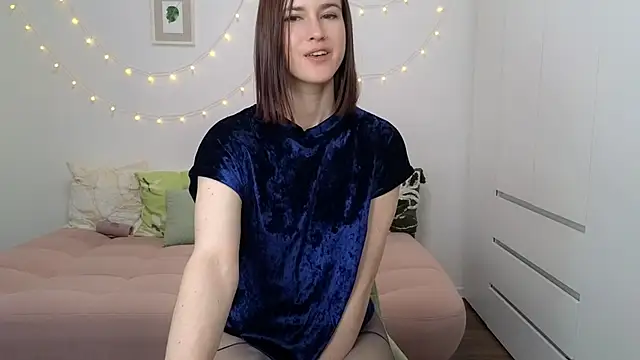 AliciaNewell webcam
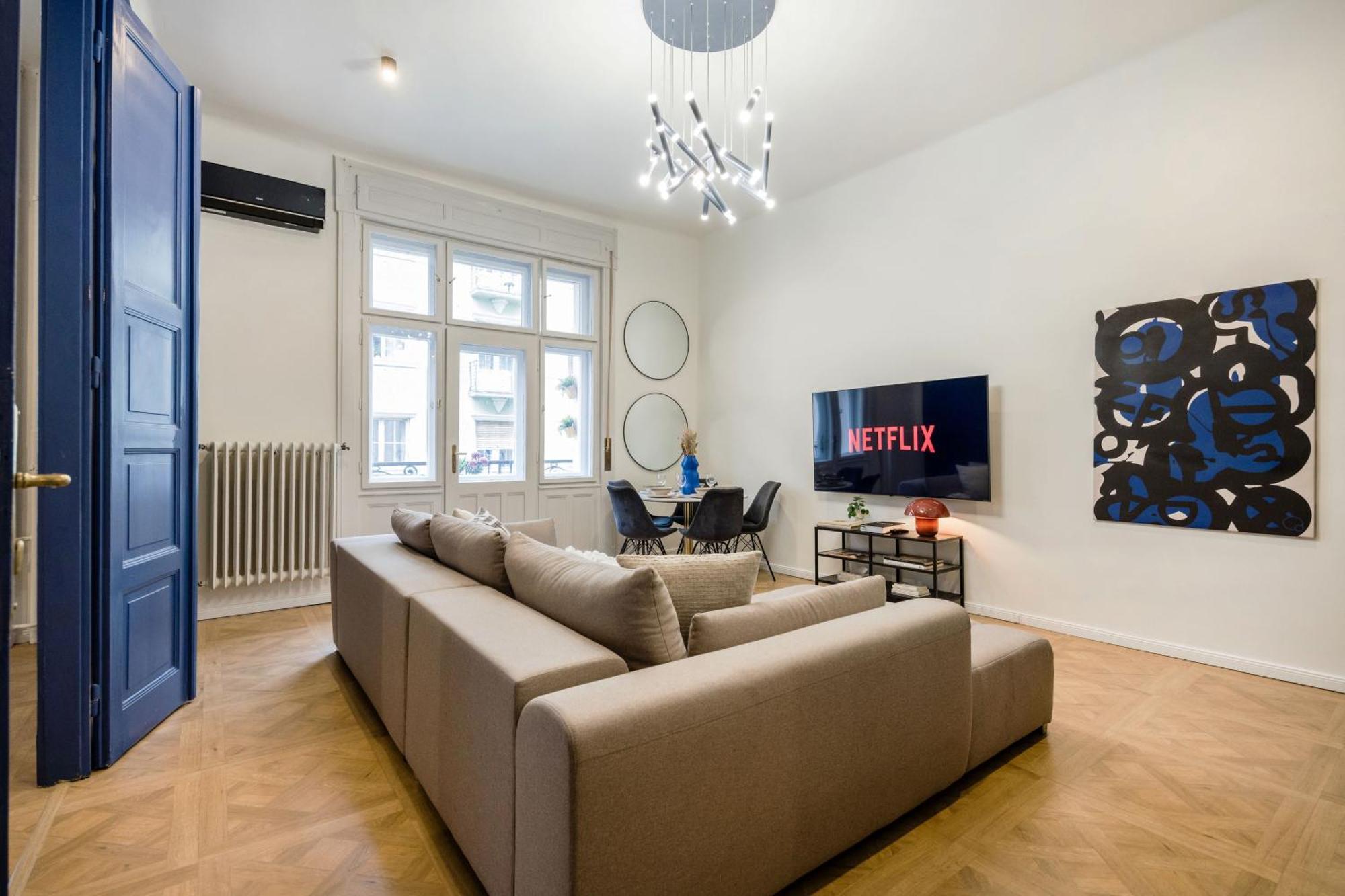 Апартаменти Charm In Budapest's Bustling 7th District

--

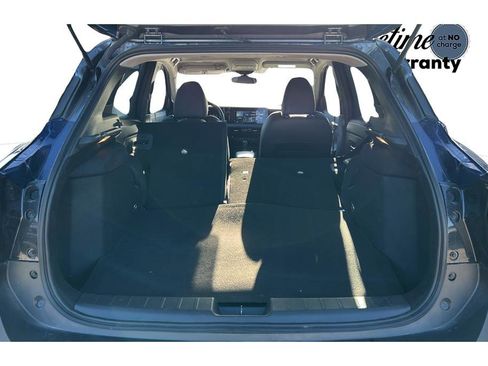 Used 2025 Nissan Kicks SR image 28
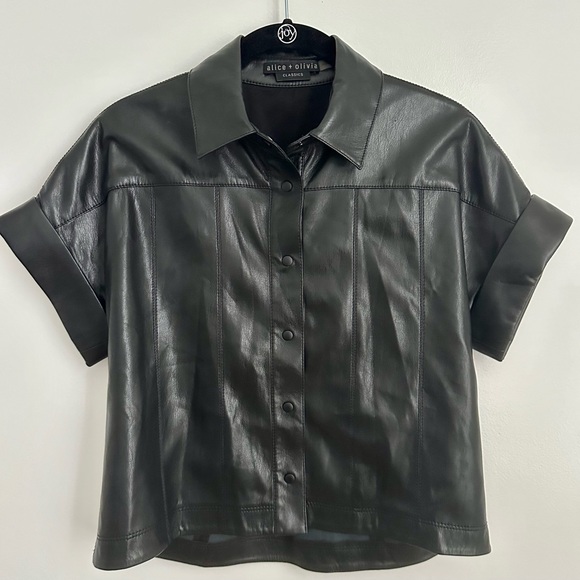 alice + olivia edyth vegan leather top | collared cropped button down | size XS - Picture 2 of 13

* * *

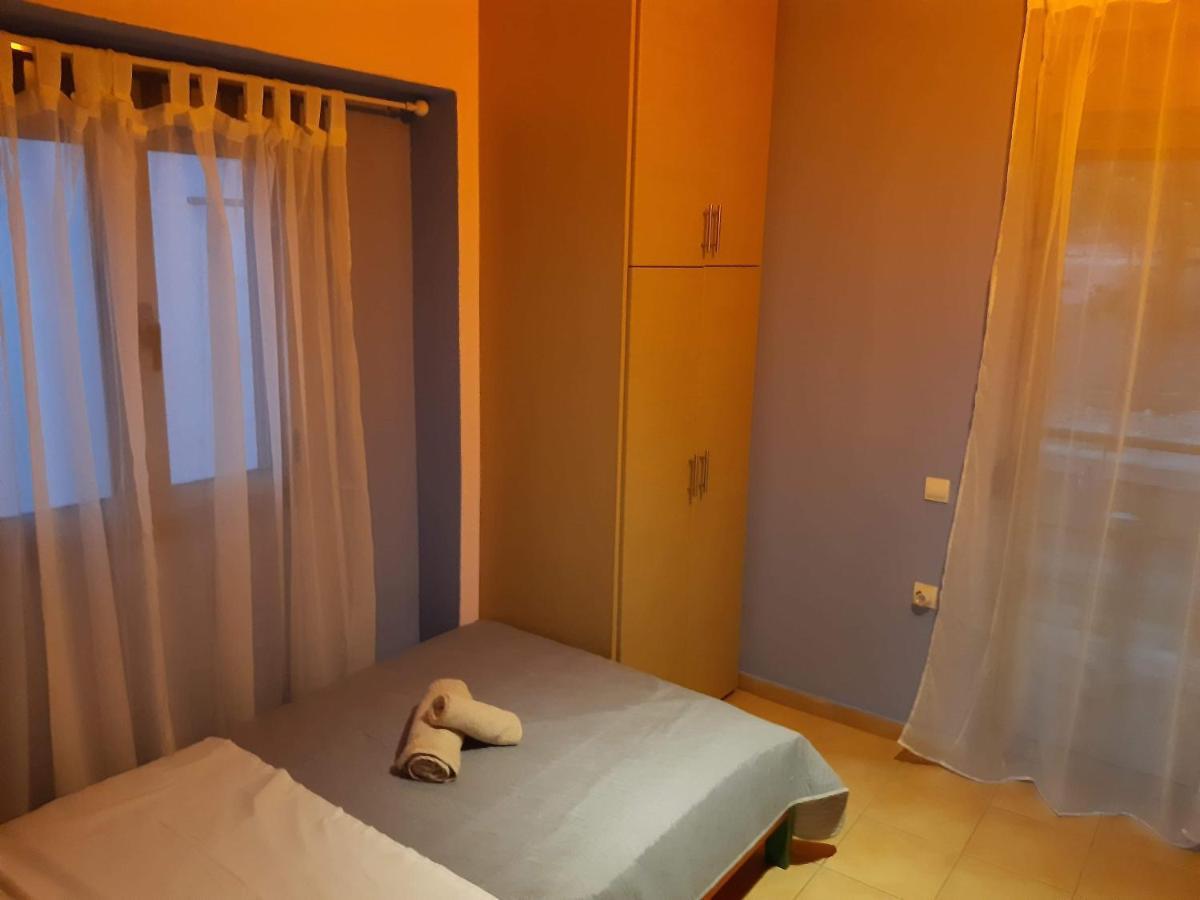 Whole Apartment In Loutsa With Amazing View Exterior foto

What you need to do
Your answer must be the exact lines from the records above, from the one containing "AliciaNewell webcam" through the one containing "Апартаменти Charm In", both included, with every picture left out.

Expected answer
 AliciaNewell webcam
 Апартаменти Charm In Budapest's Bustling 7th District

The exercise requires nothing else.